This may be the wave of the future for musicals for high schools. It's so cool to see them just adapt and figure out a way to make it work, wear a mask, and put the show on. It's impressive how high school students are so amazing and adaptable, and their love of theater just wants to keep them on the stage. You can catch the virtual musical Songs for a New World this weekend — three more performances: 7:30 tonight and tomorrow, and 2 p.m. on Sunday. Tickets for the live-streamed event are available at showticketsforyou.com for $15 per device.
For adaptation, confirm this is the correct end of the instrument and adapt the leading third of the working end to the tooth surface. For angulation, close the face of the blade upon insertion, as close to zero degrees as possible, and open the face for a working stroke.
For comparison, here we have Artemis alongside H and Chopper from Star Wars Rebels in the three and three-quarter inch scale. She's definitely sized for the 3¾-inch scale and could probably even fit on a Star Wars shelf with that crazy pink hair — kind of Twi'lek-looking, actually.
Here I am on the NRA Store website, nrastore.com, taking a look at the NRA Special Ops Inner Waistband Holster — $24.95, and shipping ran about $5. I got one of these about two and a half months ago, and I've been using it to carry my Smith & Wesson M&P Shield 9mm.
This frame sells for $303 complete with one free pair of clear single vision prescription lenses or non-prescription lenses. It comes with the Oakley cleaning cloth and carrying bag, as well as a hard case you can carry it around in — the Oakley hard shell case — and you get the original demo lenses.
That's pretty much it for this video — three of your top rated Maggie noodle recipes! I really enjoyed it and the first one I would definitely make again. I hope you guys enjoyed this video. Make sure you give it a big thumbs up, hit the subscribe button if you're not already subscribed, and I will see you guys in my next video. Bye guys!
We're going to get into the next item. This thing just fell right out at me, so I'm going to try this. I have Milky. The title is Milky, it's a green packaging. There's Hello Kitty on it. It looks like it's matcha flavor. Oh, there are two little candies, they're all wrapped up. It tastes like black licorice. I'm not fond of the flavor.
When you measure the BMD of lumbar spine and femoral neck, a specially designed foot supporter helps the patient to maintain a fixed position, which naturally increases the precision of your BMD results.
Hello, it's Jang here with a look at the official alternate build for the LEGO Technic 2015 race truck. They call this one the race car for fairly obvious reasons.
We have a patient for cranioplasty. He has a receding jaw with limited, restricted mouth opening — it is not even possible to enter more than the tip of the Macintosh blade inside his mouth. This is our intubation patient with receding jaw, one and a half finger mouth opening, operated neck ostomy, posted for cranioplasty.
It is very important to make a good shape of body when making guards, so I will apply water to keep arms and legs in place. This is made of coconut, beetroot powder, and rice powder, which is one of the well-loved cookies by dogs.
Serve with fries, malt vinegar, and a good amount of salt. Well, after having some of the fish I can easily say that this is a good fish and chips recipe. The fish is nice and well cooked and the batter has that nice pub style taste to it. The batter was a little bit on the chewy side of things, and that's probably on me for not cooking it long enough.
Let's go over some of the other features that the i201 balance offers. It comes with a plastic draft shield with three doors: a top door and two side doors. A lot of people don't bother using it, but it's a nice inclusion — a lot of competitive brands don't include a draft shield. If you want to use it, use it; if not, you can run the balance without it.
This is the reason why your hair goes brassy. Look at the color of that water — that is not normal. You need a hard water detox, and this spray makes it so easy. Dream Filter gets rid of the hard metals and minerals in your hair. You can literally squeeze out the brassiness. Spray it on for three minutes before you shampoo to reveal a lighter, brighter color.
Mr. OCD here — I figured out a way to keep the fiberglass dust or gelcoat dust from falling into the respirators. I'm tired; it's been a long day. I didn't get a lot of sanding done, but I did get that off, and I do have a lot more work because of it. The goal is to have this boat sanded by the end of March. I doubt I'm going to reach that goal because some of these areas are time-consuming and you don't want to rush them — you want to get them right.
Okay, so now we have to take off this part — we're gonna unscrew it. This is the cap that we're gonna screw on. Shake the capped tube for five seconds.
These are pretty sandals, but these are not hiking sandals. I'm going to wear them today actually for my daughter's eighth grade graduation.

EXERCISE.
Look through the entries above. Copy out every line holding the word "patient".

ANSWER TO THIS TASK.
When you measure the BMD of lumbar spine and femoral neck, a specially designed foot supporter helps the patient to maintain a fixed position, which naturally increases the precision of your BMD results.
We have a patient for cranioplasty. He has a receding jaw with limited, restricted mouth opening — it is not even possible to enter more than the tip of the Macintosh blade inside his mouth. This is our intubation patient with receding jaw, one and a half finger mouth opening, operated neck ostomy, posted for cranioplasty.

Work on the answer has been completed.